Amsterdam is a Meandering Mystery

     20th Century Studios  

Set against the backdrop of 1930s New York and 1920s Amsterdam, the comedy-drama very loosely documents the true story of a fascist military coup gone wrong. Through the lives of three friends, Burt Berendsen (Bale), Harold Woodsman (Washington), and Valerie Voze (Robbie), who, having met during WWI, inadvertently become embroiled in a double homicide, and are subsequently implicated. Only to again, unintentionally, land themselves in one of the biggest conspiracies of 20th-century American politics.

Russell’s movie is a meandering, often confusing convolution that jumps back and forward in time, losing both its potency as a credible picture, and the unrefined jagged-ness of the true story it’s trying to tell in the process. We, the audience, are in an almost continuous battle to stay afloat, with some just about managing to keep their heads above the currents of the choppy narrative structure, while others can’t help but drown in the unnecessarily complex waters of the screenplay. The way Amsterdam is both written and acted, it would be a fun watch, if the way it was structured wasn’t such a tedium-inducing drag.

Amsterdam’s Cast are the Great Redeemers

For all its shortfalls, there are several redeeming features of David O. Russell’s movie, from the authenticity of both the stage-show-like set design, to the art-deco costume, and a color scheme that has this real, cold mistiness to it.
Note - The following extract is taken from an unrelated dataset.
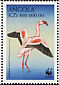 Lesser Flamingo Phoeniconaias minor  1999 WWF Strip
Yet, the mise-en-scene aside, it’s the acting nous of esteemed pros such as Bale, Robbie, and Washington that help to resuscitate this lifeless snooze-fest. Their eccentricity relights the movie’s fire and recaptures our frequently wandering minds.

Christian Bale’s performance is as exuberant and life-giving as his performance as Irving Rosenfeld in 2013’s American Hustle, with his glass eye, disfigured skin, and partiality to some tickling humor. Washington is the most straight-laced out of the three, and certainly brings with him this degree of assurance and likability that makes his display the best among his colleagues. Robbie transforms into a brunette nurse, and like Bale, gives the role of the whimsical Valerie her best shot.

The Reviews Are Right

There is an embarrassment of riches in Amsterdam, with names vacuum-packed in, from great actors to amazing costume and set designers The fact that this is a film studded with stars, you are regularly left scratching your head with frustration at the level of talent left in the wings, that their appearances seem to be reduced to mere cameos in a film which doesn’t deserve its great visual aesthetic. It feels like a monumental waste, especially with the likes of Michael Shannon, Robert De Niro, Anya Taylor Joy, and Rami Malek who have so much to offer a movie lacking in narrative star quality.

Overall, Amsterdam has an overinflated view of self. While the movie brings the fascinating story of the Business Plot of 1933 to the silver screen, it tangles itself up in knots and then trips over its own laces, failing to even tell the story truthfully. It possesses this swagger, and self-indulgence, that the screenplay simply doesn’t warrant. The film is proof that even the most dexterous of acting talents are unable to turn the tide of a relentless stream that rather than cascade beautifully, meanders dully. Sometimes, the reviews are right.